Thursday, October 28, 2010


I have been working on a couple of projects ...

Today I want to show you how Inanna turned out. I decided that the stacked painted papers that I had been working on looked like jewels to me, and my Bible class had been getting me into thinking about the royalty of Heaven ... So I decided to paint the former Queen. I'd been curious about who everyone was worshipping before Adam, Abraham, et al, got the idea to worship just one god. Nobody seems to have ever thought of that before. For the 35,000-plus years before that, all cultural artifacts seem to point to a many starred Heaven. I figured that if I painted the Queen I might begin to understand more.

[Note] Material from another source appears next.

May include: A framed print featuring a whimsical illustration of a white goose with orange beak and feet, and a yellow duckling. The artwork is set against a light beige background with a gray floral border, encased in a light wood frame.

Firstly, I finished layering and sewing my miniature collages. I hand sewed them together, using my sterling and goldfill beads to add a little bling. This was all going to be for the Queen of Heaven and Earth after all. I sampled an arrangement of how they would look around the edge of a canvas. I measured the result and went down to the art store for a 24" x 28" canvas.
Meanwhile I had been practicing my drawing of Inanna
Did you know that about 1000 years before they say Lilith and Adam and Eve were, uh, made that there really was a drought? That a whole lot of the world had been greener and much more lush, but then the Atlantic currents changed, temperatures dropped, various things happened - and not just in the Middle East, but in the Americas too. The monsoons in northern Africa, for example, slipped south and the Sahara region which had been forested became a desert.
Thus the background colors for Inanna's painting.
So was there really an historical weather event that booted some folks from an Eden-like habitat? And I wonder: if I was the "recent" inheritor of a much harder lifestyle would I too wonder if my tribe and I had done something wrong? Would I too dream and be wooed by a god who promised never again to leave me and mine "in the desert"? Would I, like Abram, think strongly about the offer of settling down in "my own land", no matter what violent crimes I had to commit to get it?
As I am now, living in the lush environs of grocery stores: nuh-uh. No way. But if my recent ancestors had been scratching it out with the sheep in the wilds ... maybe so. (And I read somewhere in the internet that Adam and all of Abram's Semitic ancestors were maybe, probably, desert shepherds in the time before Abram and his family were living in Sumer, the Fertile Crescent, between the rivers.)
So in curiosity of these times, of this prior culture surrounding the decisions of a few famous men and their visions, I transferred the drawing to the canvas and painted this Lady. The daughter of the Moon God who visited her sister, Queen of the Underworld. Who died and was reborn. Read one version of her story.
I gave Her the seven attributes of civilization that She relinquishes at the seven gates to the Underworld, including her dress or breechcloth which I made by laying on pleated tissue paper and lightly painting over it.
And Her golden hip girdle and crown which I made by covering paper cutouts with candy wrapper foil. (It is gold on the other side.)
So here you see her laid out with her breastplate, her measuring rod and line, and the paper medallion jewels.
I backed the layered papers with sticky-back craft foam after I sewed them. It gave them a little heft and made them seem like pins - that's when I started thinking of them as jewels. Little treasures of story.
The etymological root of the word "bead" is the Old English word gebed or "prayer".
Were the stories and prayers told to Inanna very much different from those told to Adam's YHWH?
And here She is: this Queen of Heaven and Earth who was one of the Heavenly Community listening to our stories before Adam heard YHWH.

With Her magic and lapis earrings.

And what I still don't know: what did Inanna demand of her people? Was she a jealous goddess? Or was the abundance of the Fertile Cresent a training in divine generosity? Did she graciously accept the altar offerings from her shepherds? Did she ... well ... is the god that the Christians worship now the same as the one Abraham struck a deal with 4000 years ago? Do the Episcopalians and the Baptists believe in the same divinity?

This is a 4 year course: I suspect that there are a few more paintings on the way.